By: Andreas Krüger (woopstar) 2017-10-27 03:07:22.927-0500

I think you are looking at the "wrong" dump. The first dump (the first crash so to speak) is core.asterisk.1508915826.

It just happened today again. I will attach the log. Thread 1 in the dump today seems to be "equal" to the Thread 1 dump from core.asterisk.1508915826

We suspect it seems to happen when a contact registers.

By: Andreas Krüger (woopstar) 2017-10-27 03:10:39.116-0500

New coredump when server seqfaults

By: Andreas Krüger (woopstar) 2017-10-27 04:15:04.038-0500

We suspect there is a locking issues with PJSIP.

From what we see (and think), please correct us if wrong. But for us it looks like Asterisk is crashing at: ../src/pj/lock.c:290 in the function grp_lock_acquire().

The function is as following:

{code}
static pj_status_t grp_lock_acquire(LOCK_OBJ *p)
{
   pj_grp_lock_t *glock = (pj_grp_lock_t*)p;
   grp_lock_item *lck;

   pj_assert(pj_atomic_get(glock->ref_cnt) > 0);

   lck = glock->lock_list.next;
   while (lck != &glock->lock_list) {

       pj_lock_acquire(lck->lock);
       lck = lck->next;

   }
   grp_lock_set_owner_thread(glock);
   pj_grp_lock_add_ref(glock);
   return PJ_SUCCESS;
}
{code}

According to the dump:

{code}
glock = 0x7f1100042df8
lck = 0x0
{code}

So lck is NULL.

So it looks like it tries to call pj_lock_acquire(lck->lock); where as lck is null and lck-lock would then cause a panic?

So the good question is. Why would lck = glock->lock_list.next; return NULL ? Is it ok?
Is there simply just missing a NULL check in this function?

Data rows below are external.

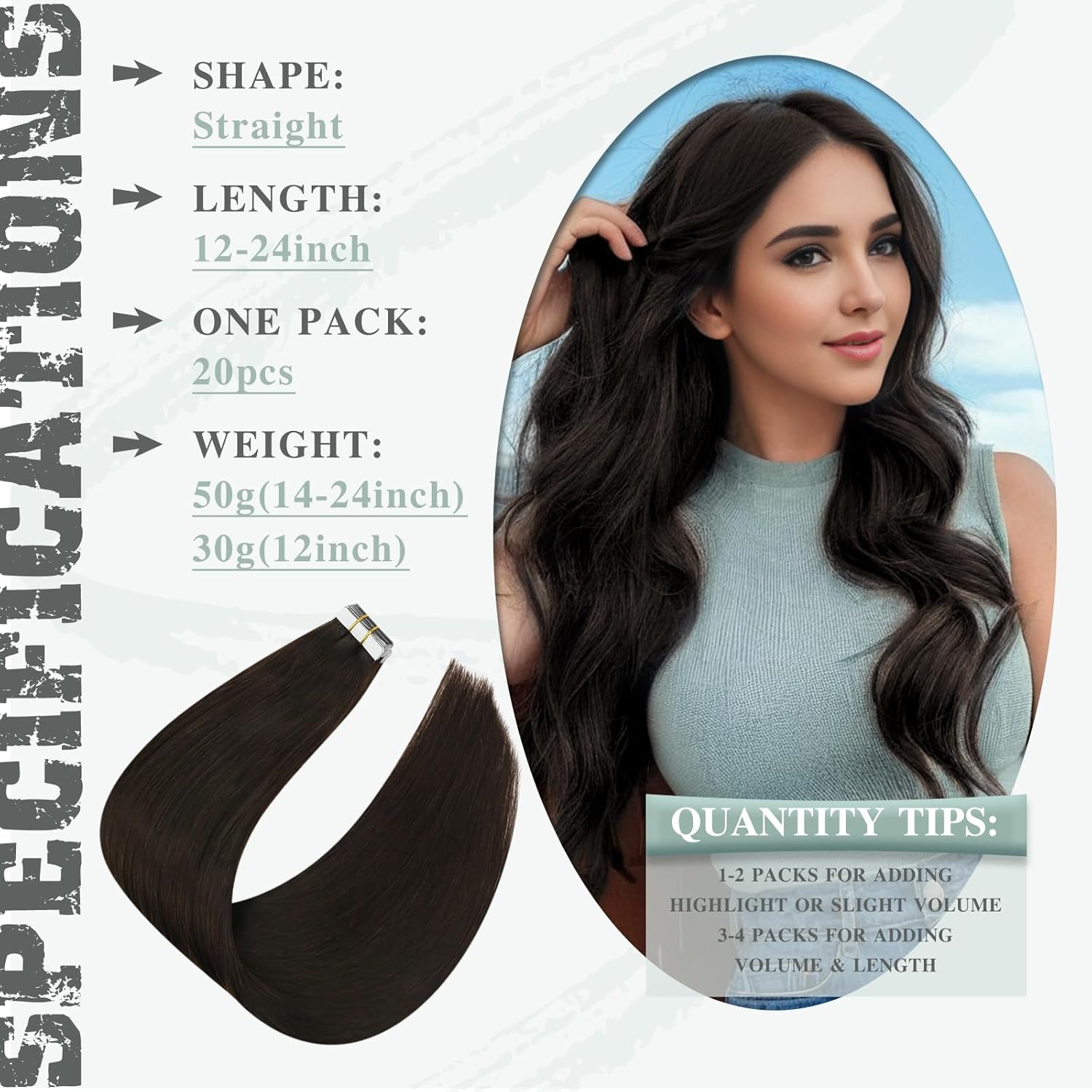 Ve Sunny Tape in Hair Extensions Real Human Hair Invisible Remy Human Hair Straight Tape Ins Double Sided Darkest Brown 16 inch 20Pcs 50G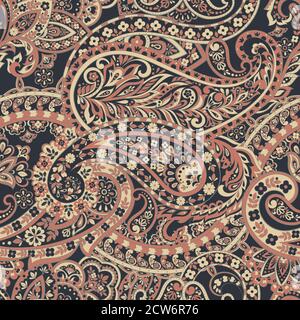 Floral Paisley Pattern. Seamless Asian Textile Background Stock Vector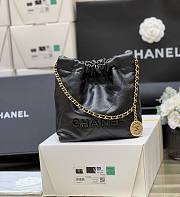 Fortok Chanel 22 Grained Leather With Black Chanel Logo Handbag 20x19x6cm - 1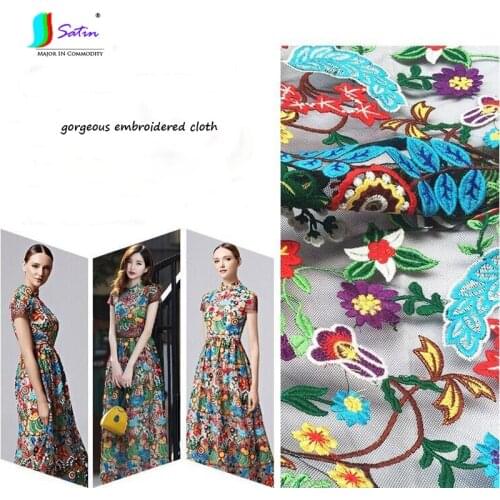 White Black Background Bridal Veils Gorgeous Embroidered Cloth Mesh Yarn Lace Princess Dress Patchwork Sewing Fabric A0149L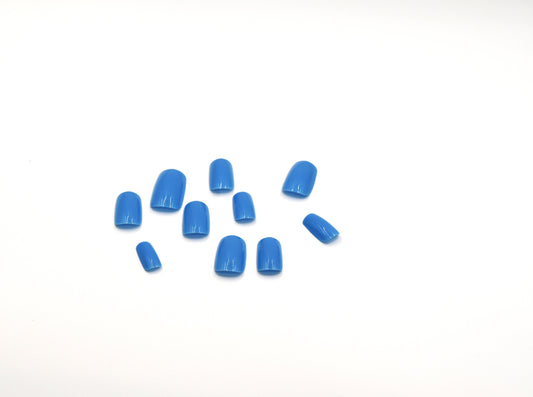 Solid Blue Short Nails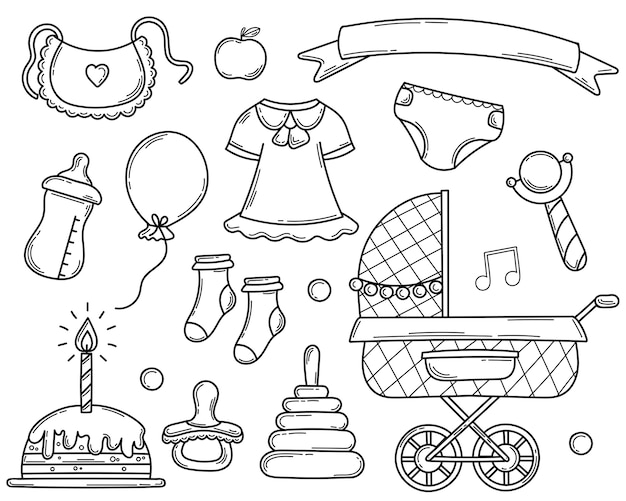 set of doodle hand drawn elements for a newborn baby in sketch style.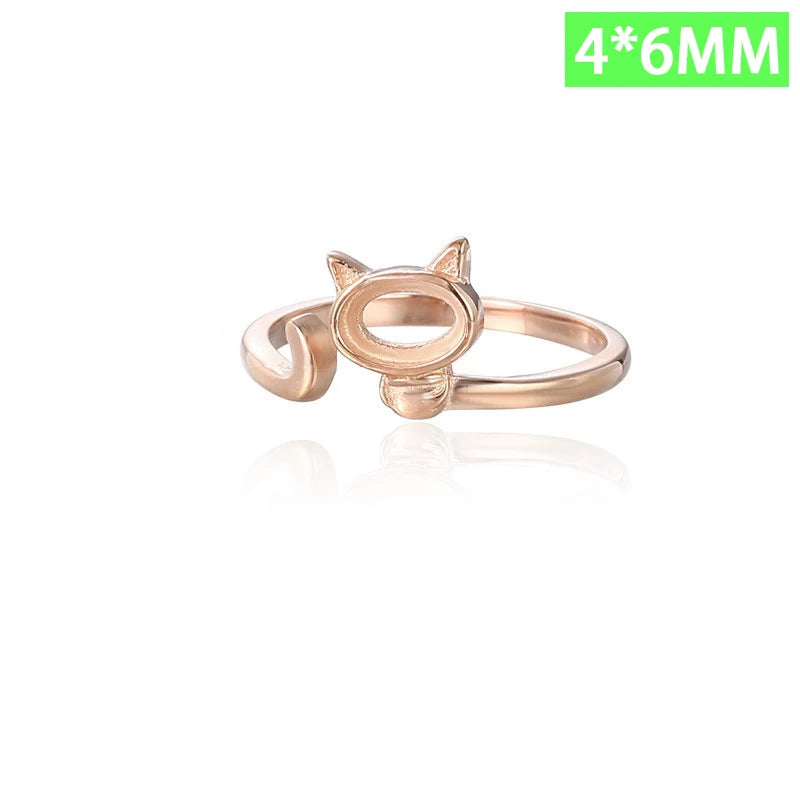 cat ring 3 4 5 6 empty bracket handmade DIY jewelry DZ1690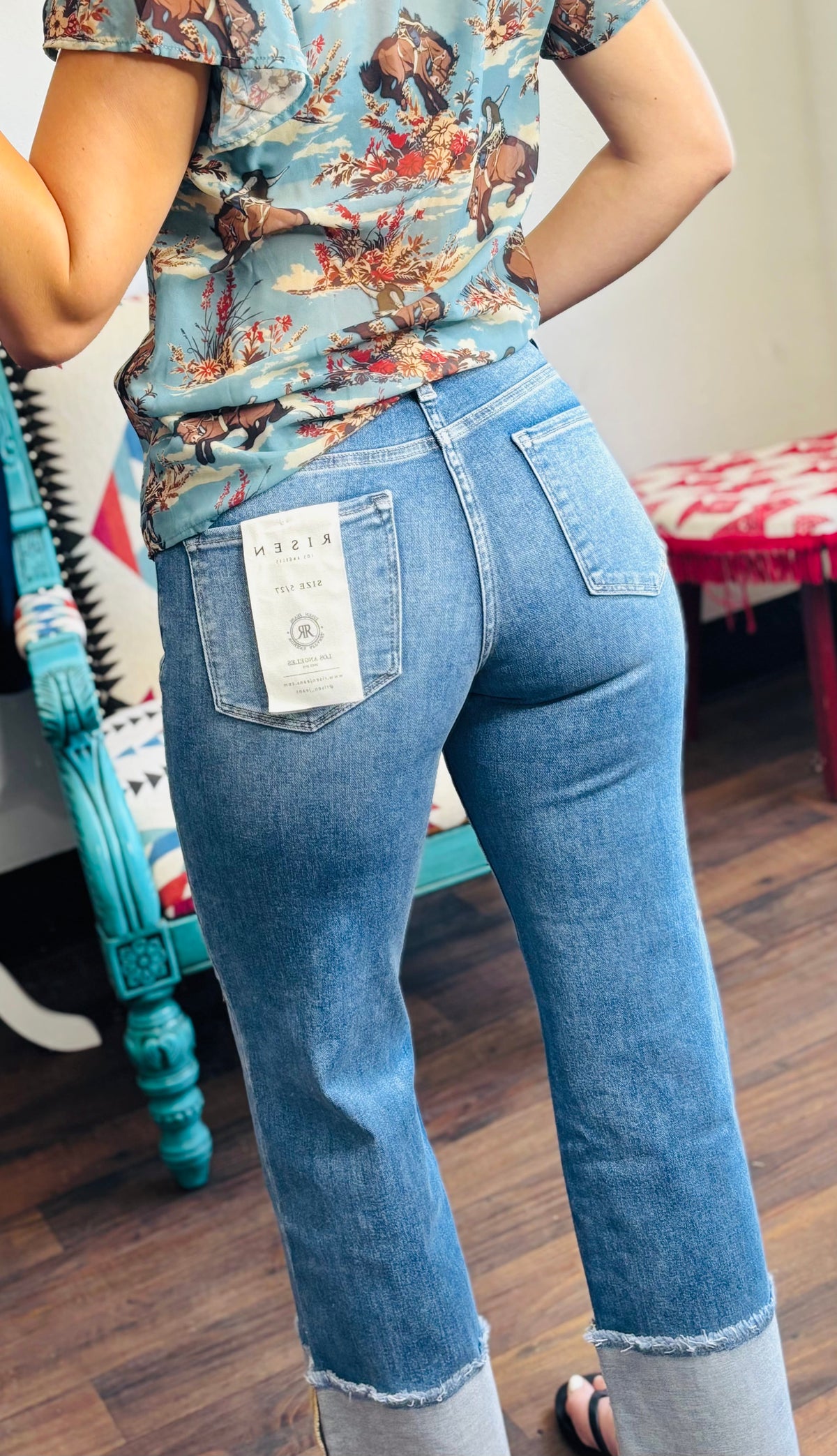 Risen Bottoms The Summer Risen High Rise Straight Leg Cuffed Denim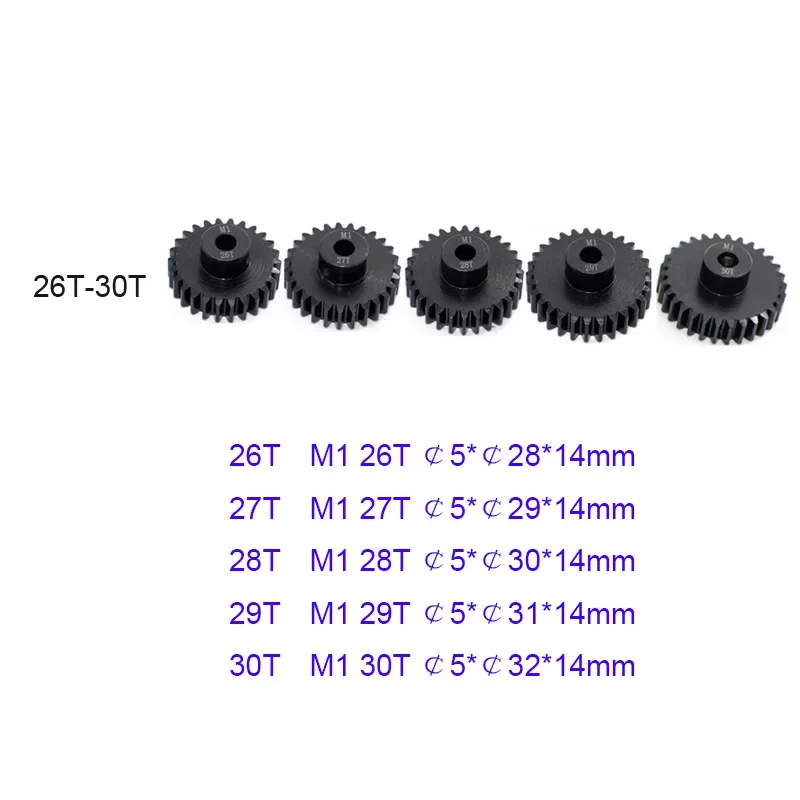 High Quality 11T-30T Material Harden M1 5mm Shaft Metal Pinion Motor Gear for 1/8 RC Buggy truggy Monster truck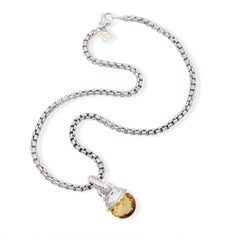 David Yurman Sterling Silver & 14k Yellow Gold Citrine Necklace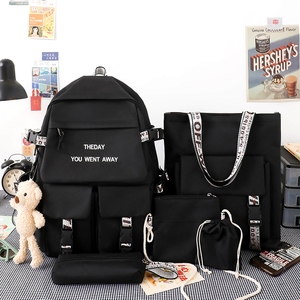 Nuevo conjunto de cinco piezas de mochila escolar de nailon, mochila de estilo coreano de moda, escuela secundaria, estudiante universitario, venta al por mayor de niñas - Product Image 3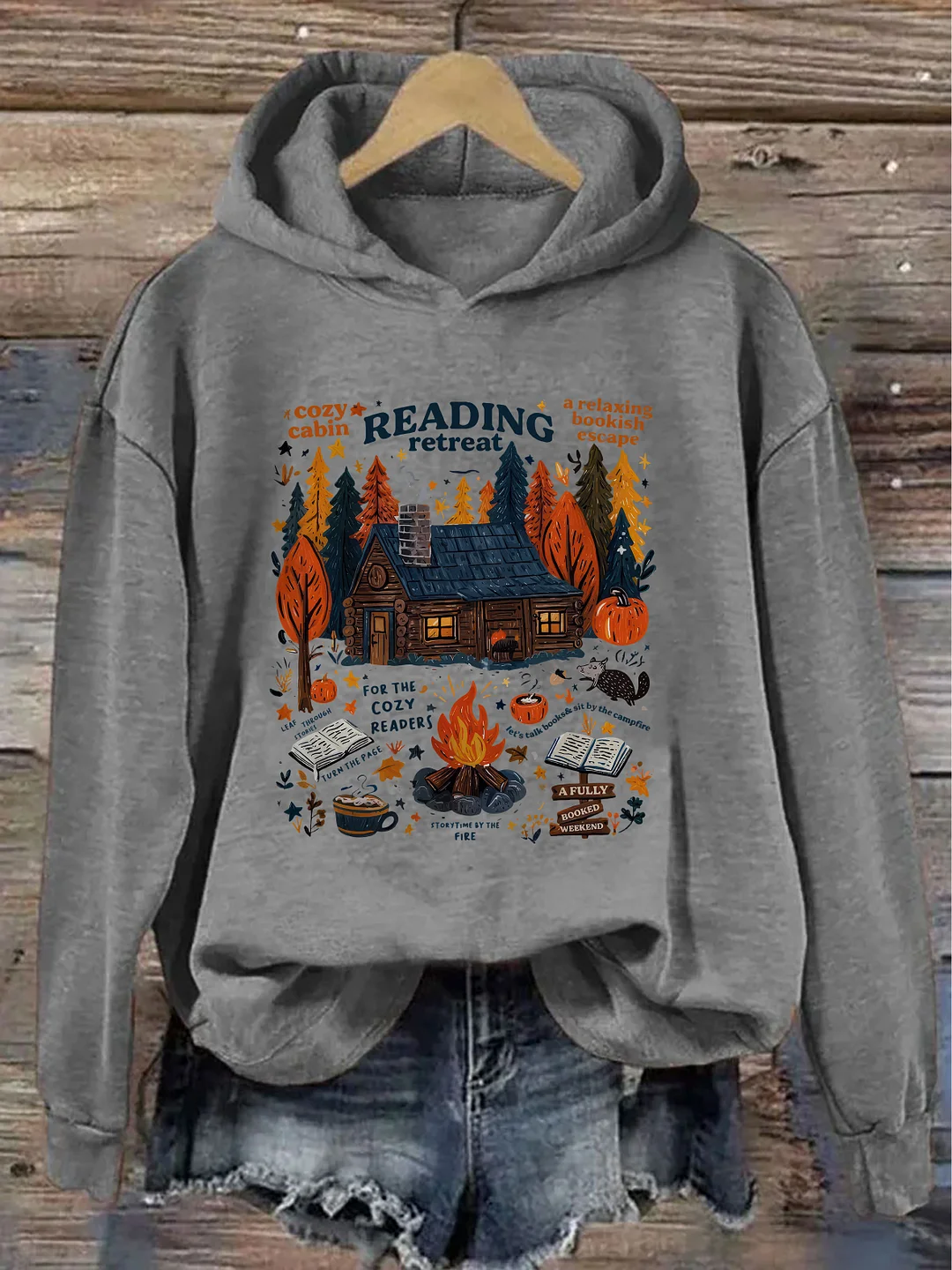 Cozy Cabin Reading Retreat Hoodie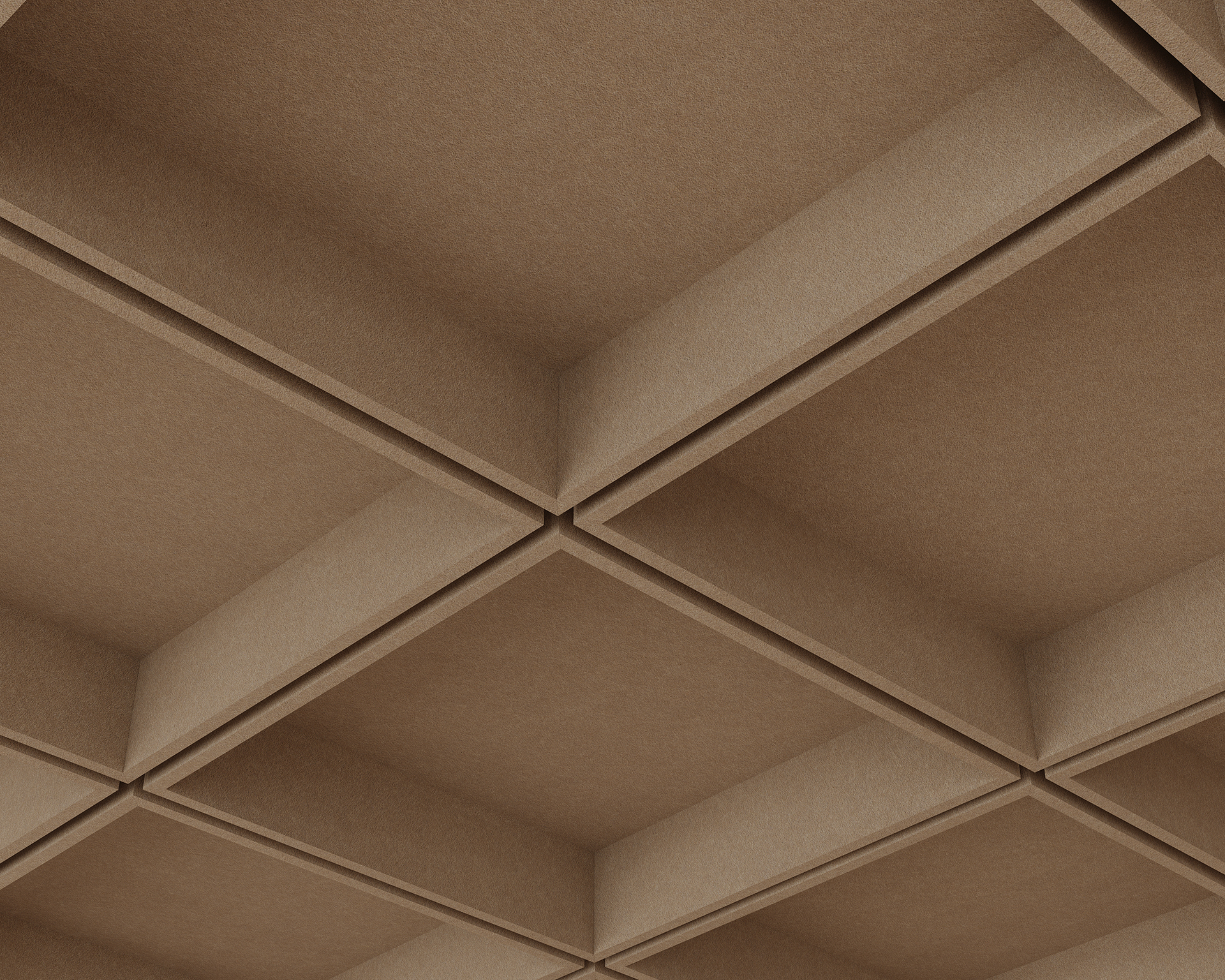 Close-up of a beige grid pattern resembling a waffle shape, with square recessed sections creating a 3D effect in acoustic felt. The material appears textured, creating depth and shadow.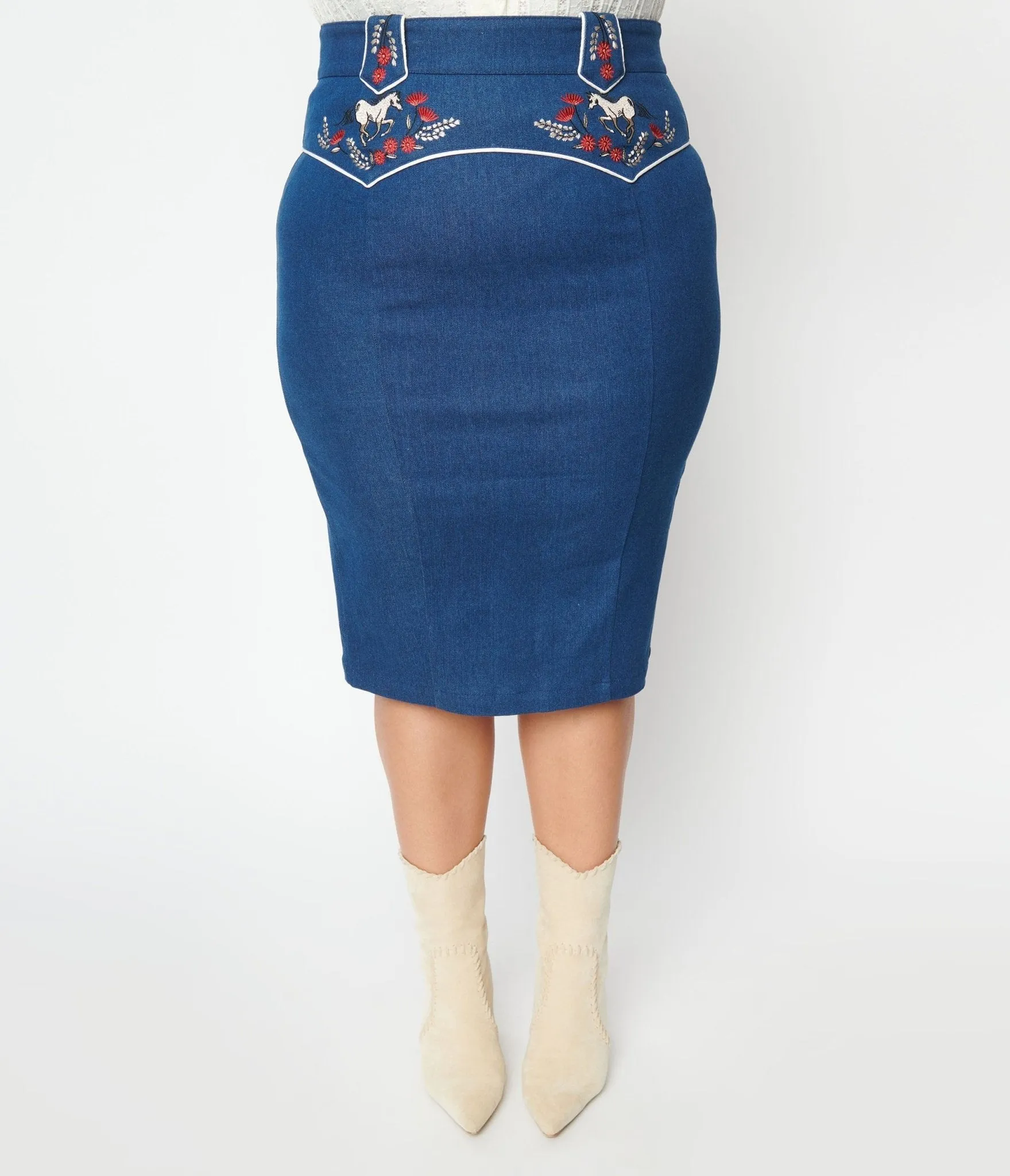 Unique Vintage Plus Size Blue Denim Western Embroidered Wiggle Skirt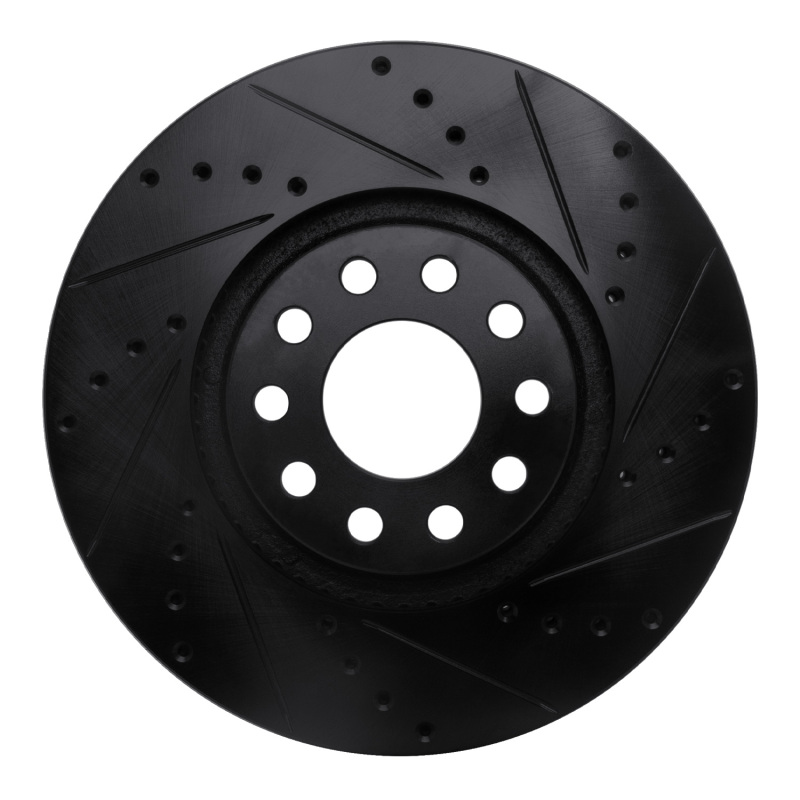 R1 02-05 Volkswagen Passat (USA/Canada) Front Right Drilled & Slotted Black Brake Rotor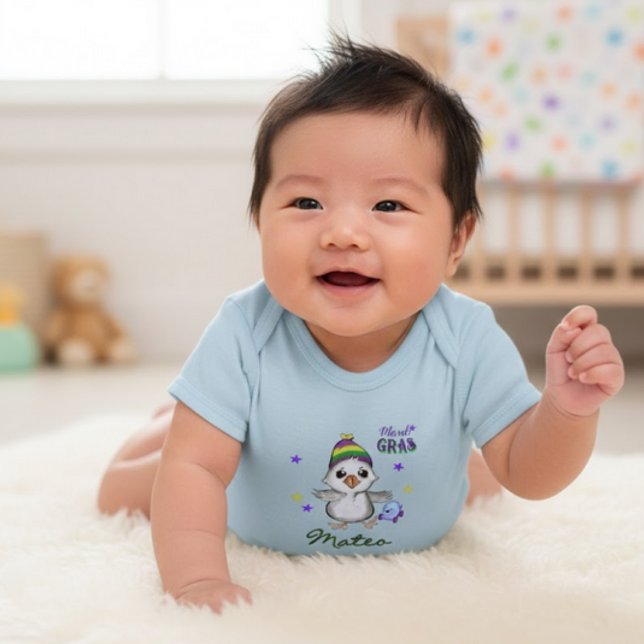 Custom Name Mardi Gras Boy Goose Carnival Baby Strampler (Custom Name Mardi Gras Boy Goose Carnival Baby Bodysuit)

By: Andreas Krüger (woopstar) 2017-10-27 04:43:17.180-0500

Could be related to ASTERISK-26675 ?

By: Kevin Harwell (kharwell) 2017-10-27 15:41:51.085-0500

So yes the crashes basically show that the object, or parent object, in question no longer exists (has been freed/released). Depending on which thread tries to use the released object first will make it crash in different places.
{quote}Could be related to ASTERISK-26675 ?{quote}
The one crash does looks similar to the one posted on that issue, however it could still be a separate problem. The reporter on that issue stated using bundled fixed the issue for them. Are you using pjproject-bundled with Asterisk?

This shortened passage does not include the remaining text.